Die Gräfin citirte Sophokles nicht, sondern sprach bei sich selbst: »Nur dies Bischen Verstellung und Eitelkeit, und dann will ich ganz gut sein und mich ganz tauglich machen für eine andere Welt.«
Und da sie in der kirchlichen Lehre keinen so feinen Geschmack und so viel Einsicht besaß wie in der Toilette, schien ihr der Rev. Amos Barton ein Mann nicht nur von Wissen – denn das versteht sich bei einem Geistlichen stets von selbst – sondern auch von viel Begabung als geistlicher Leiter. Und was Milly betrifft, so liebte die Gräfin sie, so gut es der voreingenommene Zustand ihrer Neigungen gestattete. Denn Du hast wohl schon bemerkt, daß es ein Wesen gab, dem die Gräfin gänzlich ergeben war, und dessen Wünschen sie alles andere dienstbar machte – nämlich Caroline Czerlaski, geborene Bridmain.

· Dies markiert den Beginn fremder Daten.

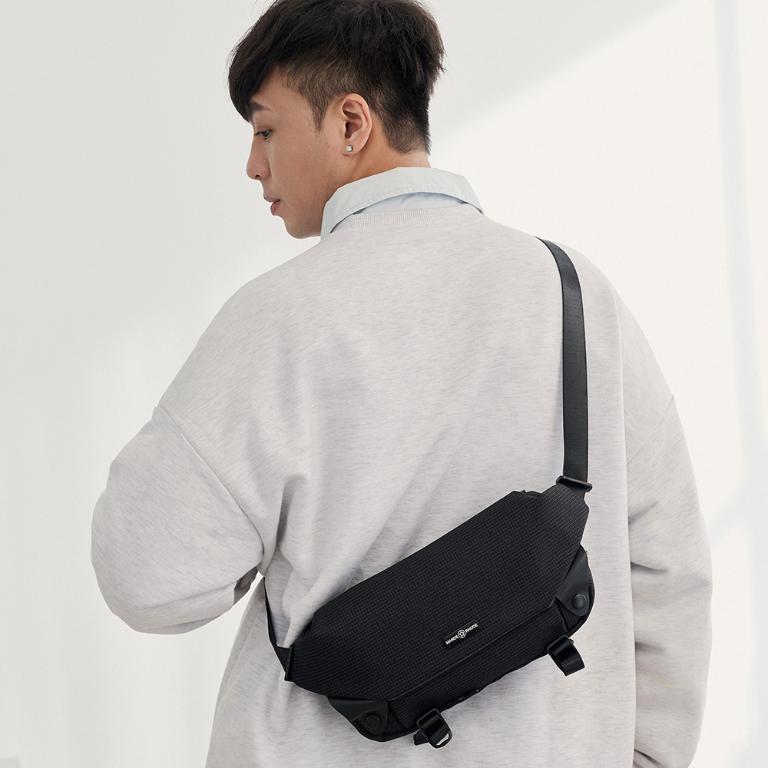 MANDE RHODE - 曼德羅德 - 格紋蓋釦造型斜背包 - A5899K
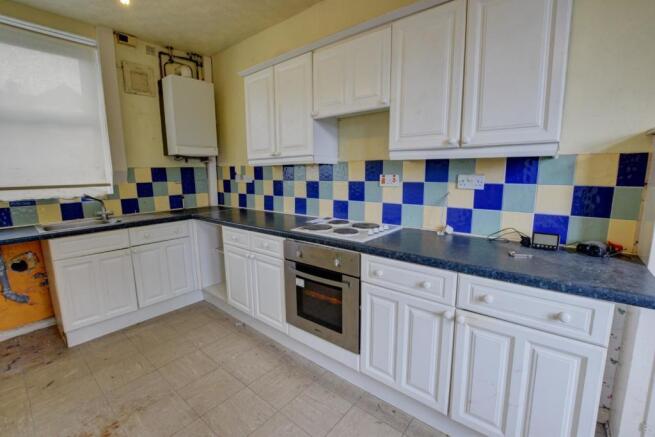 Kitchen 1.jpg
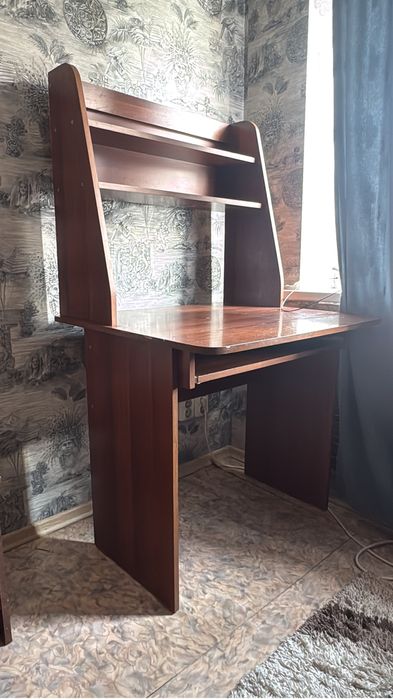 Прихожий шкаф и стол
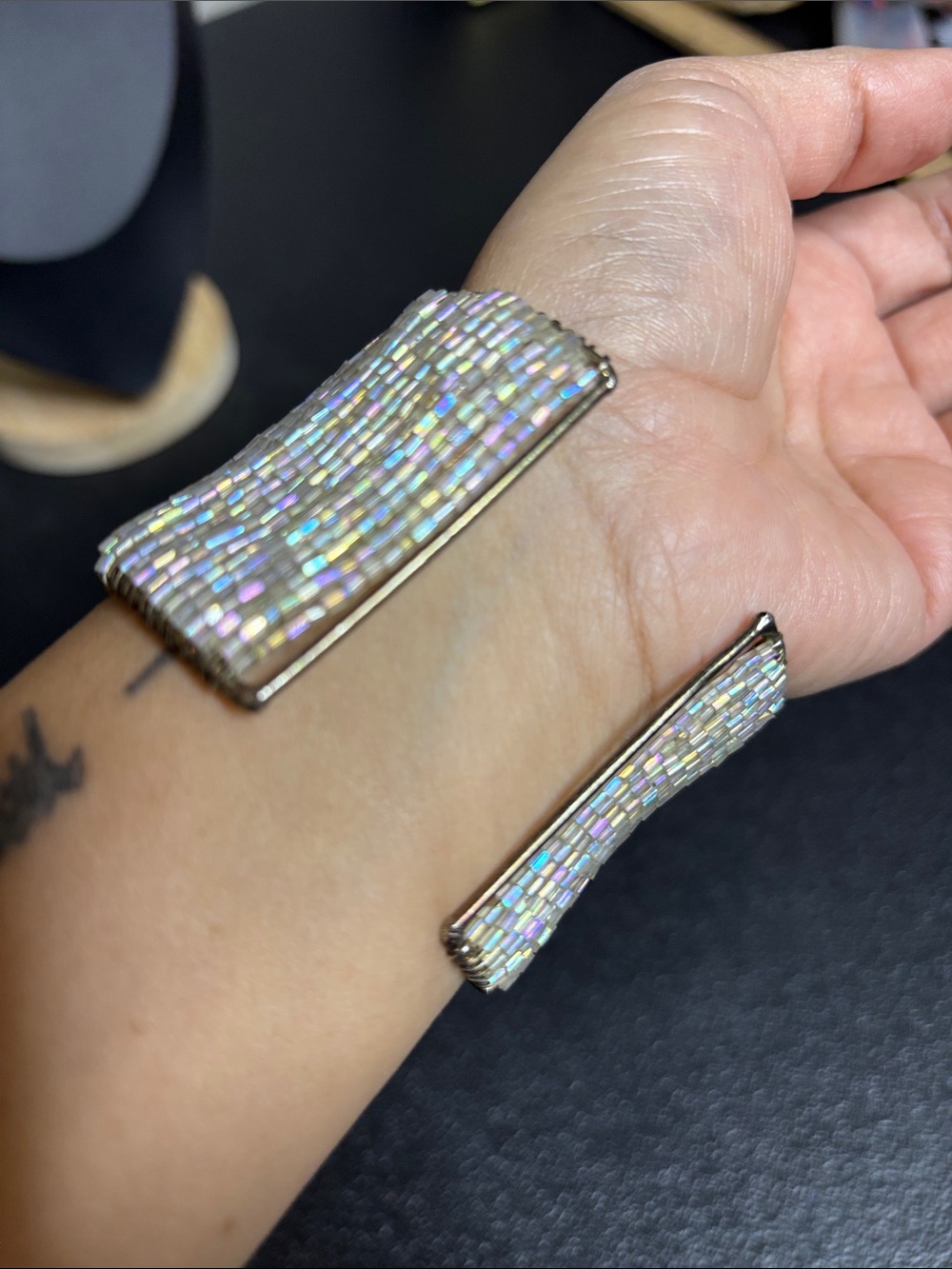 Vintage Iridescent Cream Glass Seed Bead Cuff Bracelet Glamorous - Picture 7 of 7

So war wirklich nicht viel Verstellung in ihren süßen Redensarten und Aufmerksamkeiten gegen Mr. und Mrs. Barton. Doch deren Freundschaft bot ihr in keiner Weise das, was sie im Auge hatte, als sie nach Milby kam, und es war ihr seit einiger Zeit klar geworden, daß sie ihrem Bruder einen neuen Wohnungswechsel vorschlagen müsse.
Eine Sache, die wir erwarten, ereignet sich oft, aber nie genau in der Weise, wie wir es uns vorstellten. Die Gräfin verließ wirklich Camp Villa, ehe viele Monate verflossen waren, aber unter Umständen, die ihr bei ihren Plänen durchaus nicht in den Sinn gekommen waren.